Knowing how to act on the golf course is the essence of etiquette and because golf is often linked with doing business, it can pay off to know what you’re doing when you step on a golf course with a boss or client. Many corporations want their employees to know the basics of how act on the golf course, and the connection between golf and business is so strong that college courses across the country are offered to help the new golfer.
But whether you use golf for business or have no other agenda besides having fun, the guidelines for etiquette are simple and most are common sense -- like don’t use foul or abusive language; don’t cheat, throw clubs or talk when another golfer is ready to play.
Others are a bit more specific.
Before you play a shot make sure the group ahead of you is out of range and if you do hit a ball that might hit someone, holler the golf warning signal “Fore!” When you finish playing from a bunker, rake it free of footprints and divots. This is one of the most violated rules of behavior and experienced golfers get upset when they see somebody leave a mess in the bunker -- so don’t.

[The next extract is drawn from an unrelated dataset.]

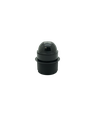 Continental ES 10mm Lampholder [Threaded Skirt with Shoulder]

Take 20 minutes and read the rule book. Don’t try to memorize it but simply get the flavor of the rules of the game you’re playing.
When you injure the course in some way, repair it the best way you can -- fix your divots and repair your ball marks. Did I mention raking your mess in the bunkers?

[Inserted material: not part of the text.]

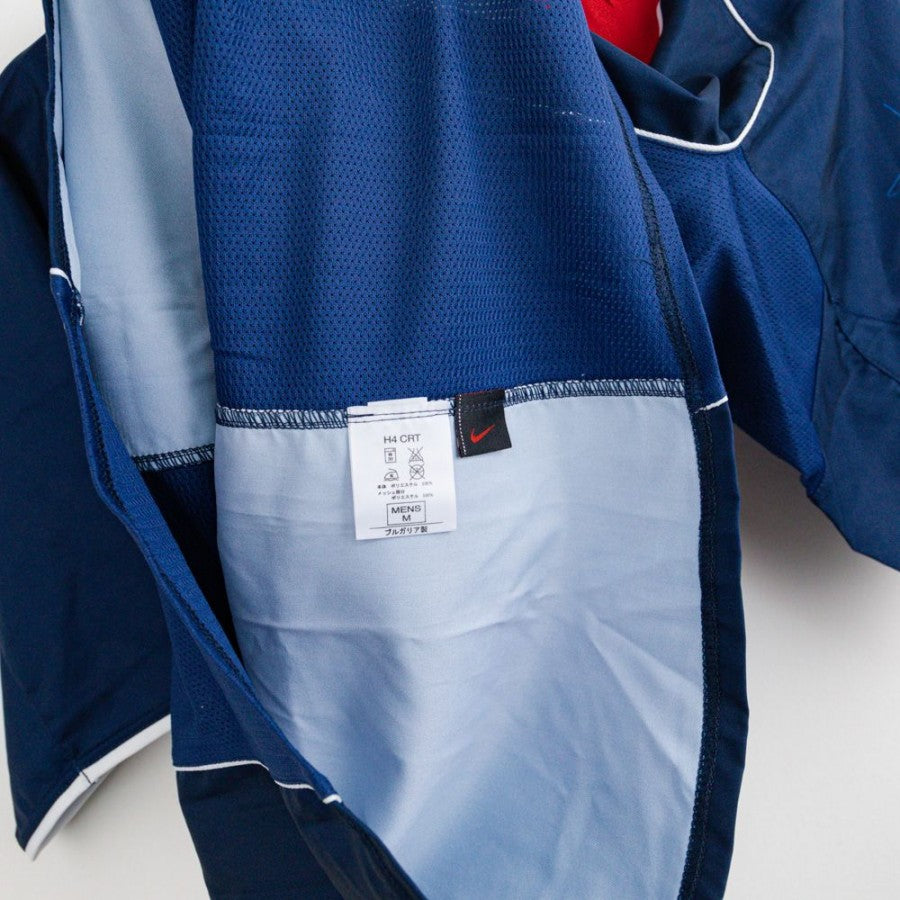 Maglia Home Psg nike Reinaldo 8 2004/2005 by NIKE - Home (14)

Play without delay. That doesn't mean you have to race around the course, but you should keep up with the pace of play.
Here are some pace-of-play killers: Stopping near the green you’ve just left to record your score. This not only dangerous but a very annoying habit, especially to the group behind you waiting to hit. Write your score down on the next tee. Don’t give a lesson during a round -- a pointer or two is OK but save your instruction for the practice tee where there is nobody behind you waiting to play. Practice shots or mulligans have no place on the course. Be ready to play when it’s your turn, and if you’re holding up the course, let the faster players through.
This last one is a bit more complicated. The pace-of-play standard is usually set up for foursomes, but at some courses they let twosomes and even singles out on the course during crowded times. This is management's fault for not pairing groups together to make foursomes. While it’s not your fault, if you’re a twosome on a crowded day, be prepared to wait because letting you through every group you caught up with would plug the course up.